Records contained in a dataset
--------------------------------------------------

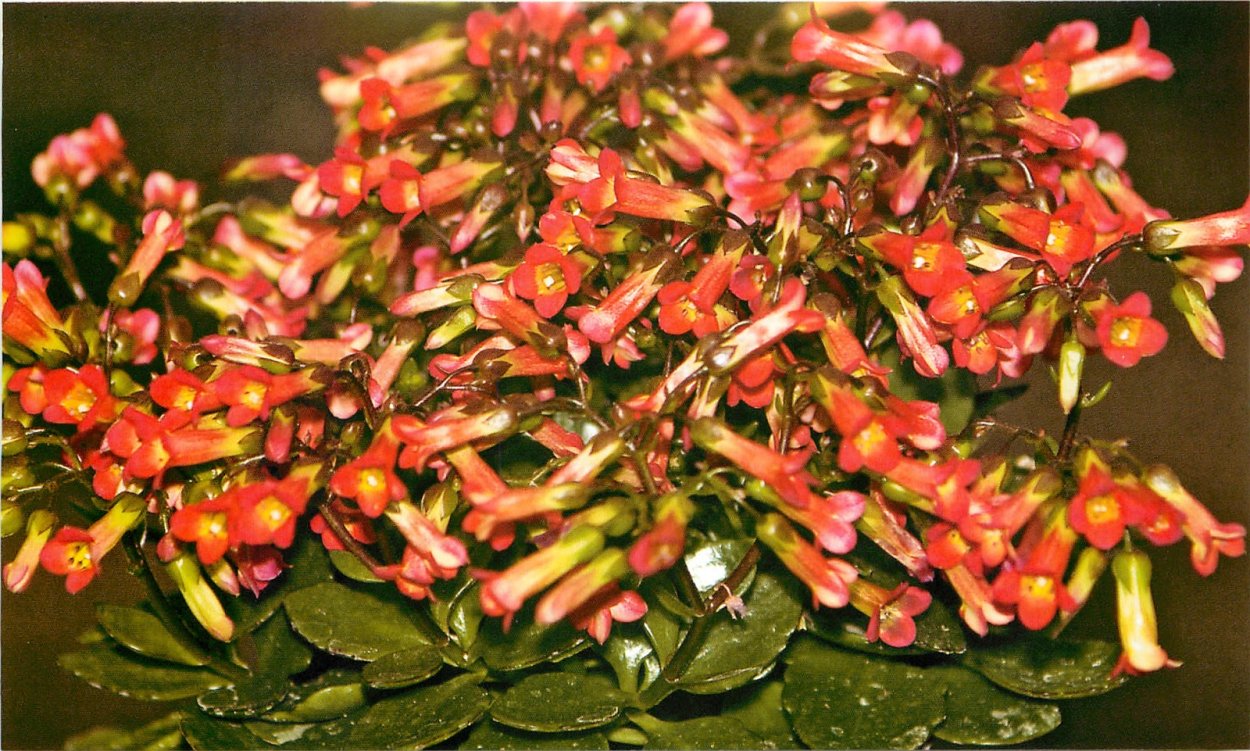 Суккуленты лианы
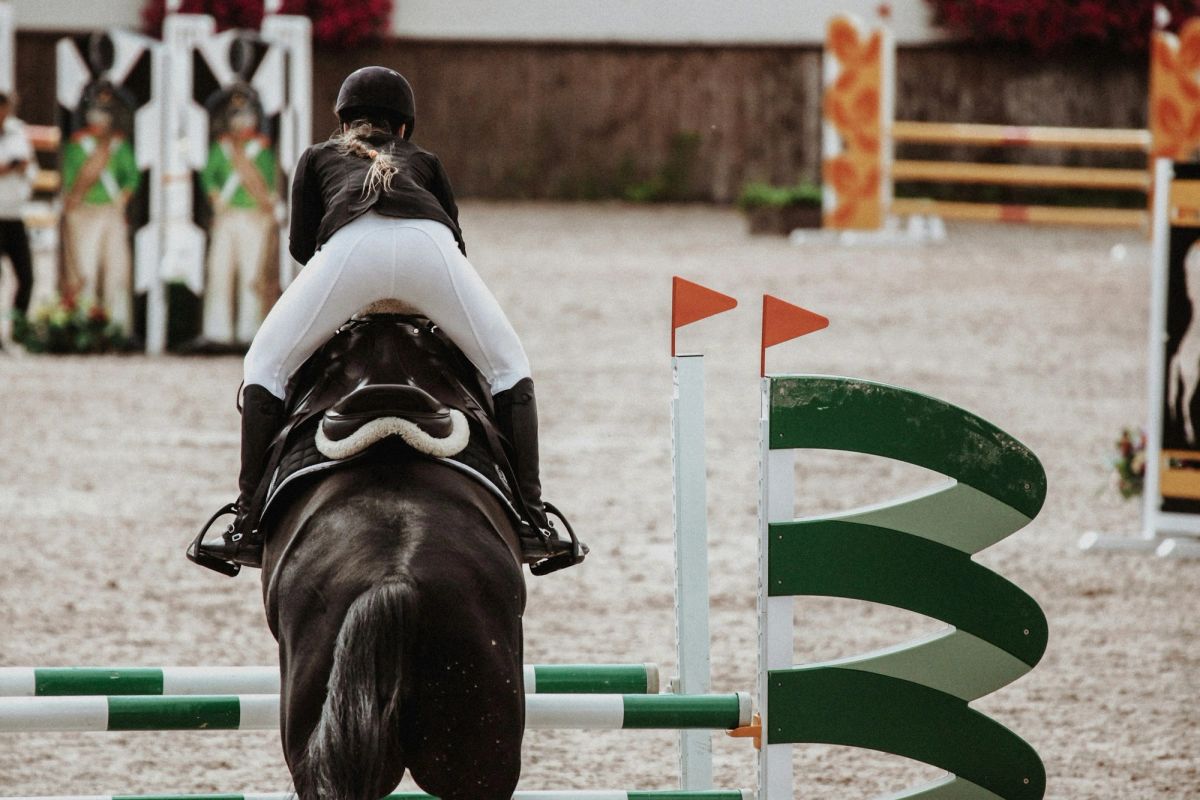 A rider in the warm-up arena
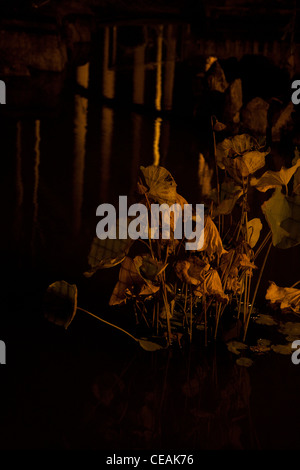 Impianto sul lago di notte in ShaTin Park, ShaTin Hong Kong Cina auto Foto Stock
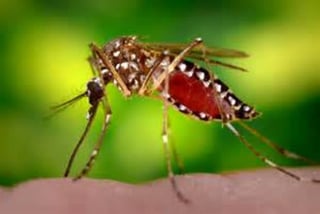 Alarma. El dengue y el chikungunya suman ya más de 27 mil afectados en el país.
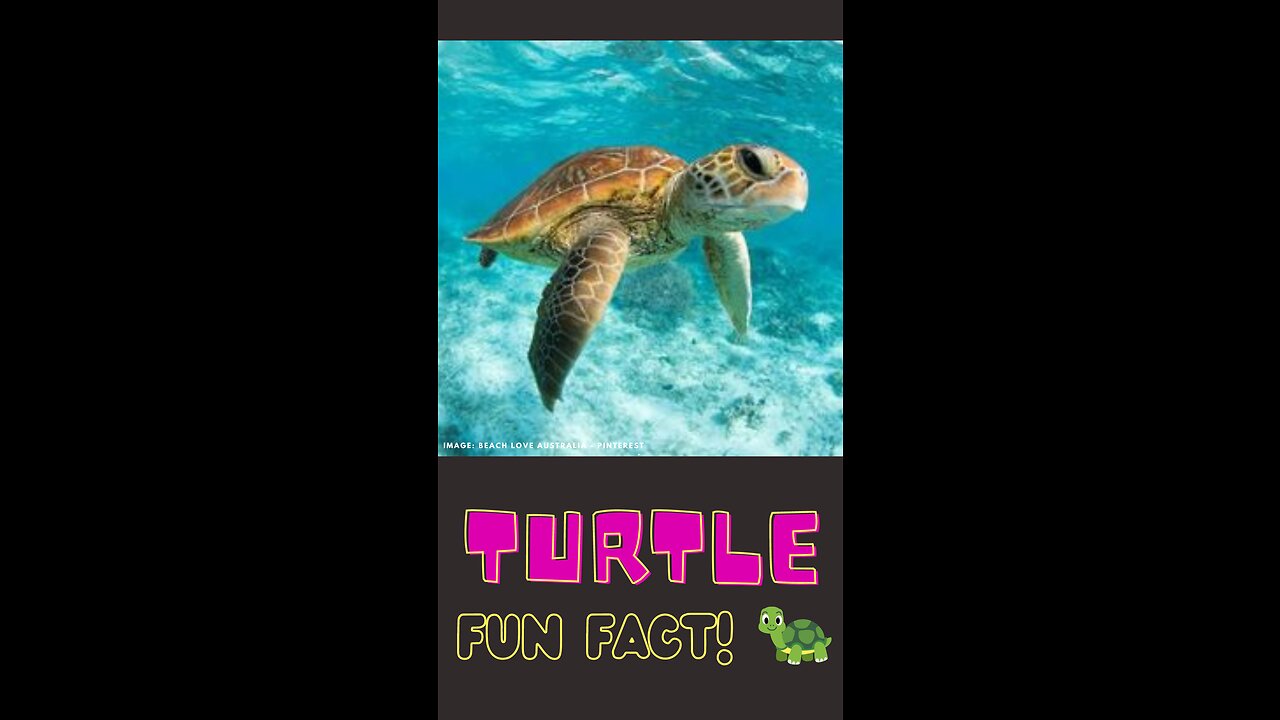 The Amazing Turtle: Nature's Home Carriers and Nest-Building Experts #funfactforkids #video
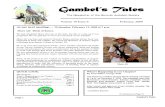 February 2009 Gambel's Tales Newsletter Sonoran Audubon Society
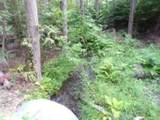 3121 Fifteen Mile Creek Rd. Rd - Photo 31
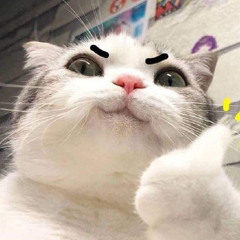 Ngài Hưng 😳
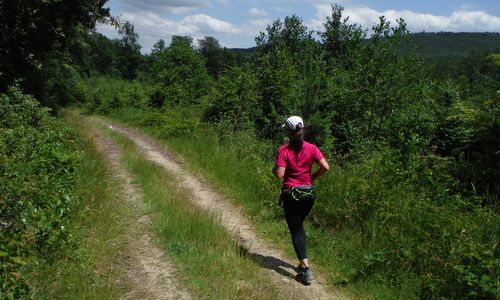 Sopron Trail, Hungary - The route offers great views of the Soproni-hegység (Sopron Mountains) - Copyright  © 2017 Hendrik Böttger / runinternational.eu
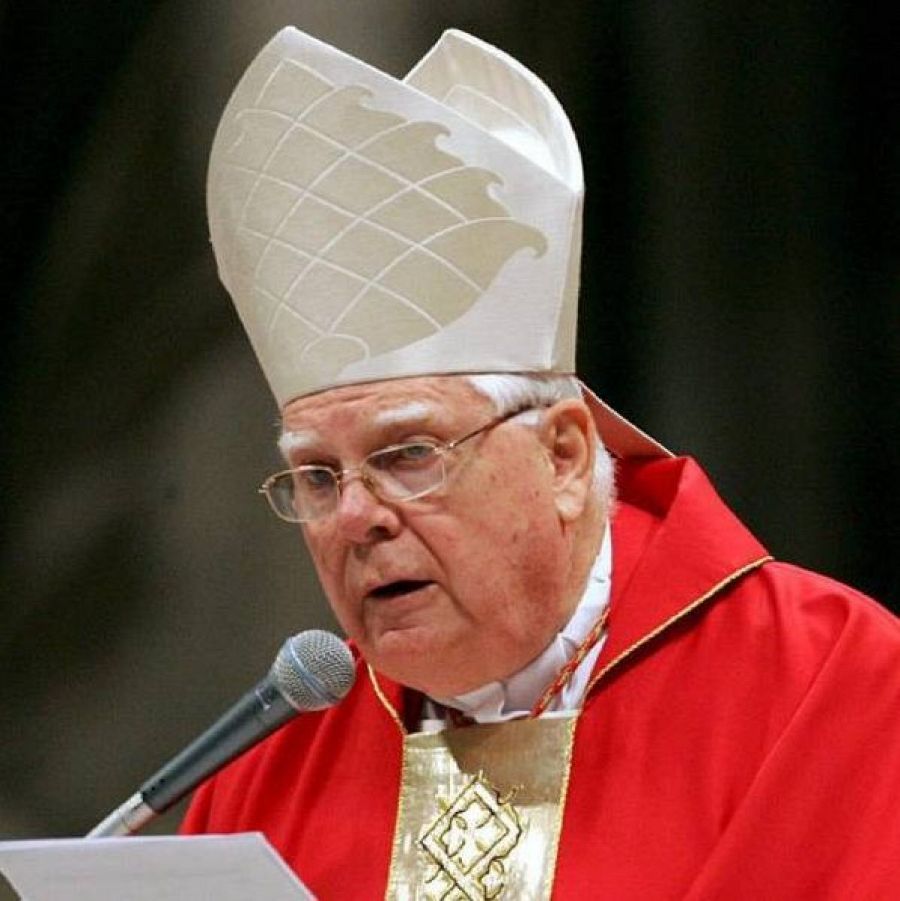 Imagen de la vesitmenta de un cardenal llevando la mitra blanca adamascada.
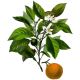 Huile essentielle Petitgrain Bigaradier Bio*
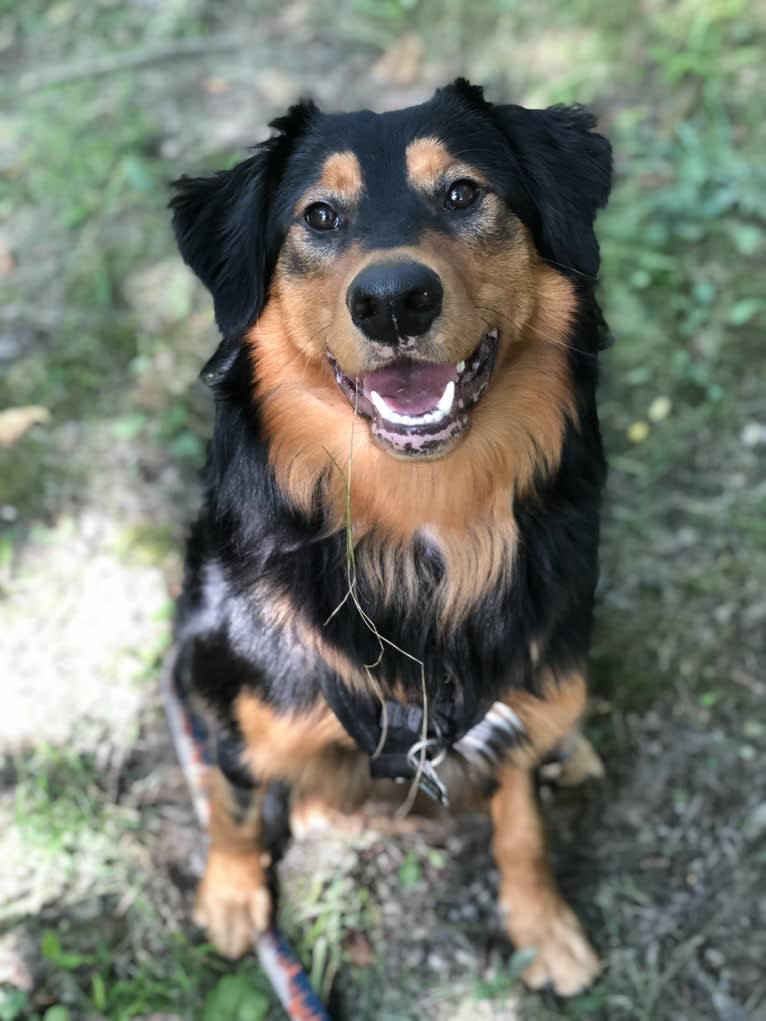 Louie, an English Shepherd tested with EmbarkVet.com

--------------------------------------------------

Working from the entries above, please transcribe only the lines from the line with "Impianto sul lago" through the line with "Huile essentielle Petitgrain Bigaradier Bio*", exactly, with both end lines and without pictures.

**ANSWER BELOW:**
 Impianto sul lago di notte in ShaTin Park, ShaTin Hong Kong Cina auto Foto Stock
 Alarma. El dengue y el chikungunya suman ya más de 27 mil afectados en el país.
 The Amazing Turtle: Nature's Home Carriers and Nest-Building Experts #funfactforkids #video
 February 2009 Gambel's Tales Newsletter Sonoran Audubon Society
 3121 Fifteen Mile Creek Rd. Rd - Photo 31
 Ngài Hưng 😳
 Sopron Trail, Hungary - The route offers great views of the Soproni-hegység (Sopron Mountains) - Copyright  © 2017 Hendrik Böttger / runinternational.eu
 Imagen de la vesitmenta de un cardenal llevando la mitra blanca adamascada.
 Huile essentielle Petitgrain Bigaradier Bio*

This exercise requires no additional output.